There are several reasons to expect that Russia’s leading position in the production and export of armaments will persist well into the future.

First, in addition to the healthy export revenues generated by arms-producing firms, Russia’s industry has benefited from the rapid growth in defence procurement since 2011. Along with a programme to upgrade the capital stock in use across the industry, this injection of funds has helped boost productive capabilities and laid the foundations for the development of new weapons systems.

Second, Russia’s willingness and ability to offer a full spectrum of defence-industrial goods facilitate the conclusion of large export deals, thus supporting the development of long-term relationships to equip the armed forces of key customers.
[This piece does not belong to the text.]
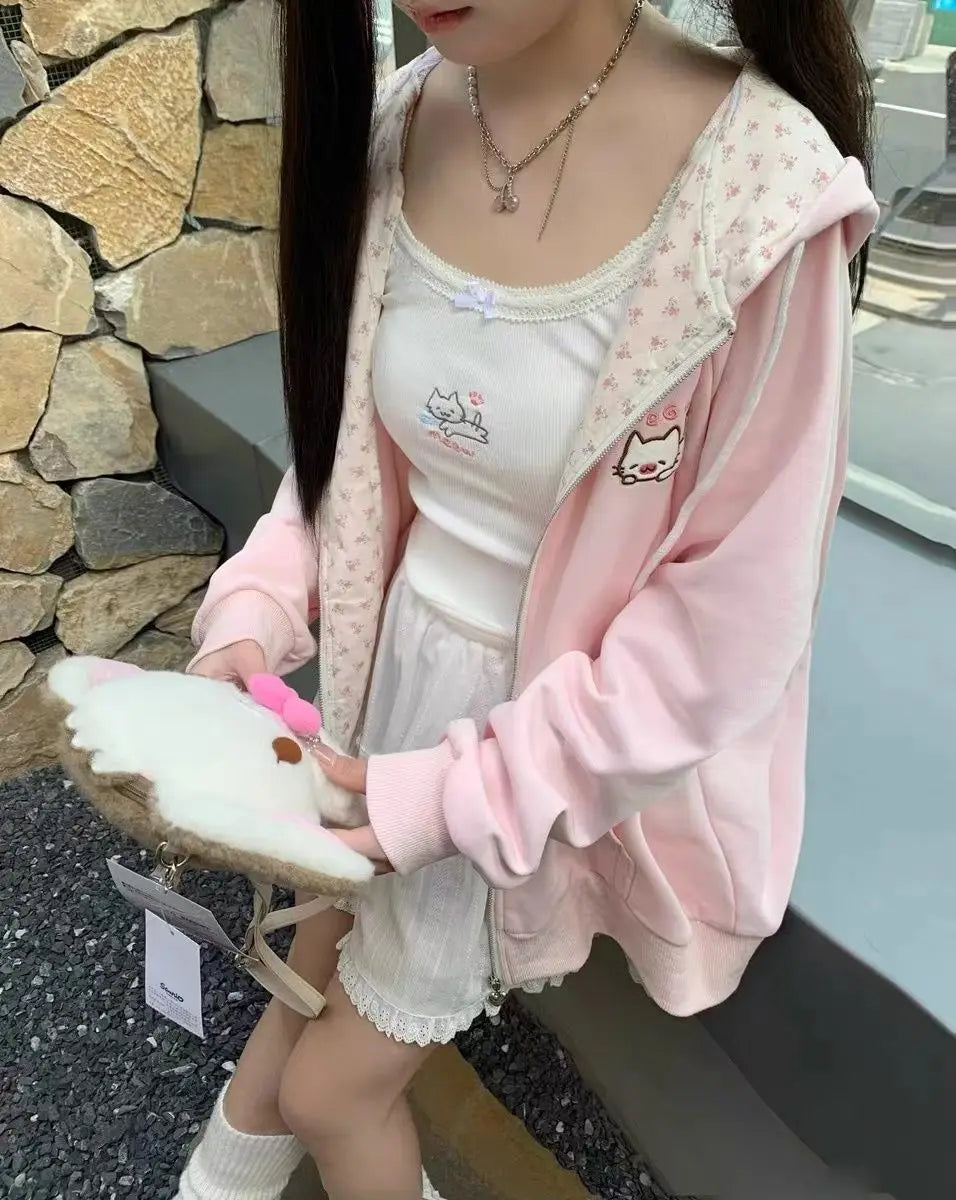 Women's Cat & Floral Print Zip-Up Hoodie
Third, the country’s arms manufacturers may well benefit from the success enjoyed by Russia’s armed forces in Syria. The fact that its weapon systems – such as the Su-34 and Su-35 aircraft and the Kalibr missile systems – have been proven to be operationally effective could boost the attractiveness of Russian weapons in other countries. This point should not be pushed too far, however; after all, airstrikes by Russian forces have taken place in a largely uncontested airspace. Whether these systems would perform as well against better-equipped forces is an open question.
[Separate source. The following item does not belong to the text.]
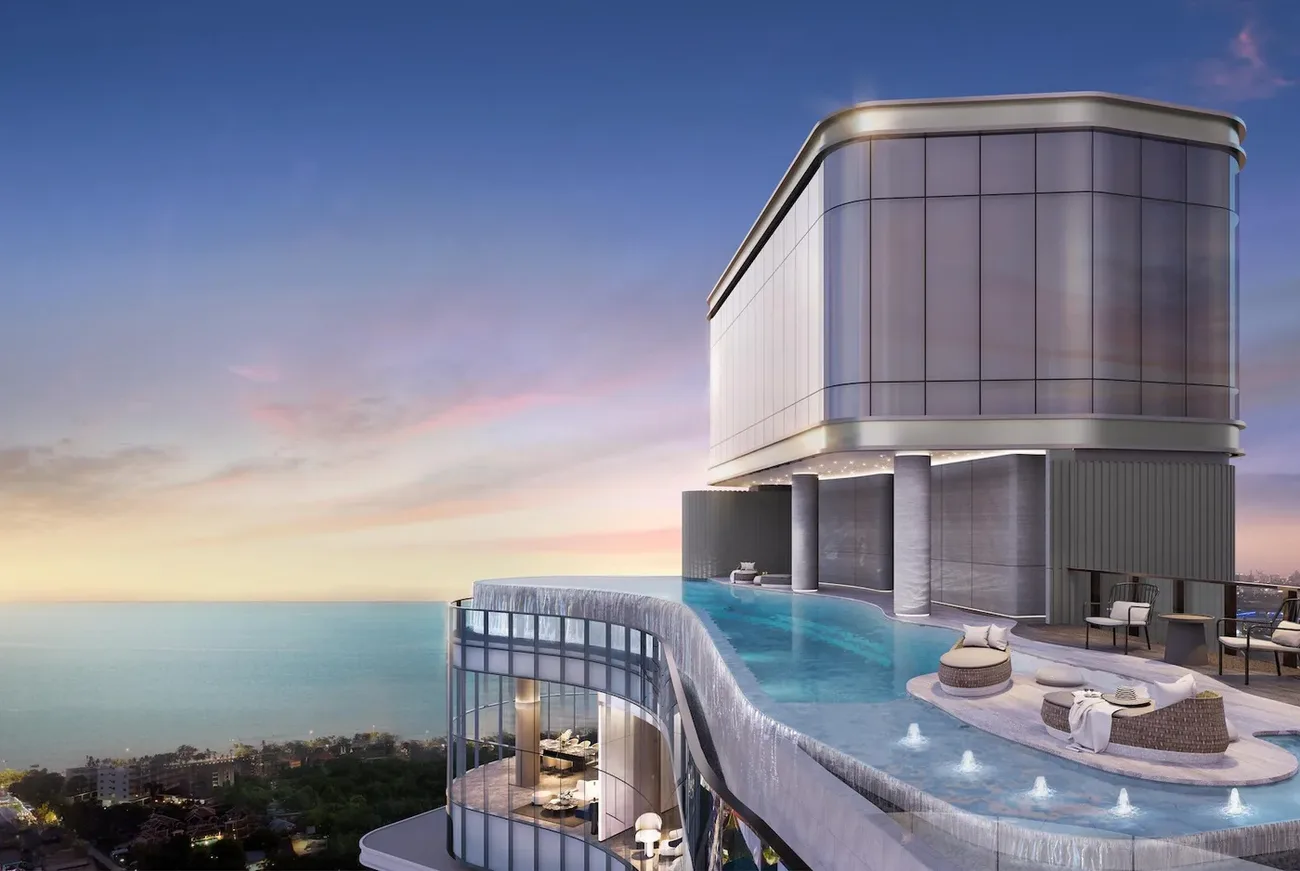 Rooftop Cloud Club sky pool at sunset, Aquarous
Fourth, Russia is likely to continue to be seen as a reliable source of weapons for countries that do not enjoy warm relations with the US. This means that a wider range of countries are potential markets for Russian exporters, in contrast with the situation facing some of their Western competitors. Russian armaments producers have the opportunity to exploit the tensions that exist between the US and countries such as Iran, China or Syria, and also those that may emerge in countries that traditionally source their weapons from the US, such as Turkey, Egypt or the Philippines.

This is not to say that the outlook for Russia is entirely rosy. A number of internal and external challenges threaten to erode its competitive position as an arms exporter in the future.
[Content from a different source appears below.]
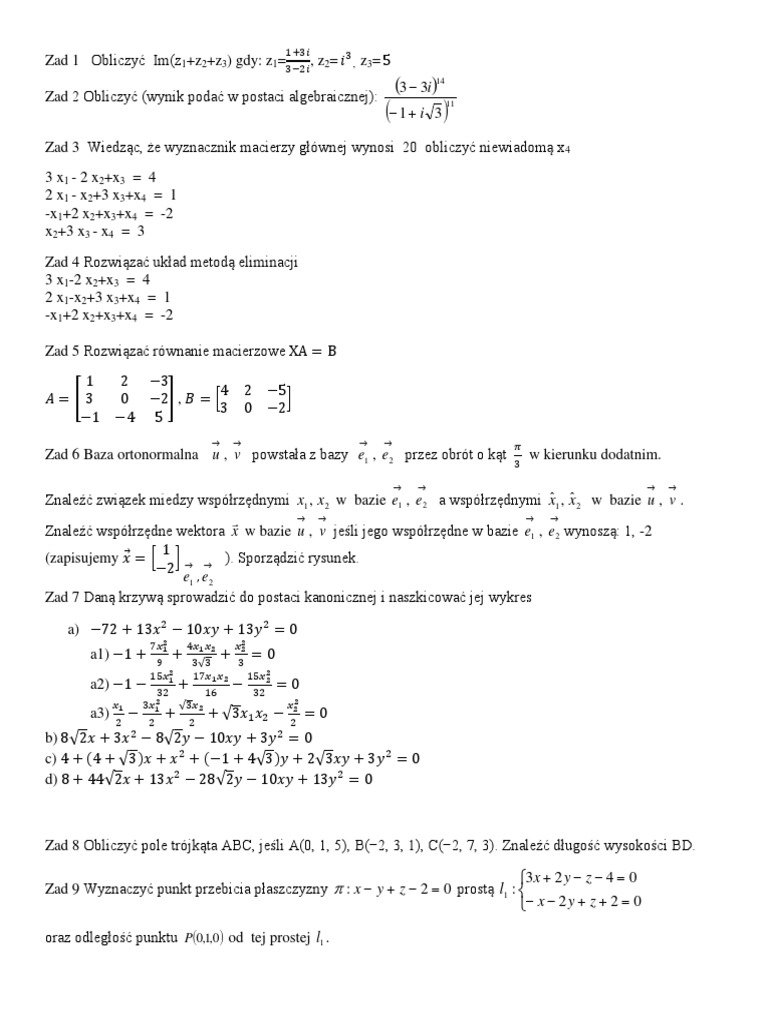Zestaw Przykł EGZAMINACYJNY Algebra INF Popr | PDF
First, in the past Russian firms have proven weak in the provision of after-sales support and guidance to their customers. This is a lucrative aspect of the arms trade, and one of immense practical importance to the customer. This is, though, an area in which Russia has taken steps to improve performance, with construction under way of a system to enhance after-sales services.

Second, developments outside Russia might also threaten its position in the global arms market. If efforts by China and India to develop indigenous production capabilities were to prove successful, their need to import Russian aircraft, missiles, submarines and engines may diminish. Both countries – especially India – remain behind Russia in key areas. However, if they are able to produce viable substitutes for Russian goods in the future, this will result in a decline in demand for Russian exports and the emergence of potential competitors in third-country markets. For example, China’s progress in the development of advanced fighter aircraft – notwithstanding the persistence of its weaknesses in engine production – offers the prospect of greater competition for Russia in markets not traditionally served by Western producers.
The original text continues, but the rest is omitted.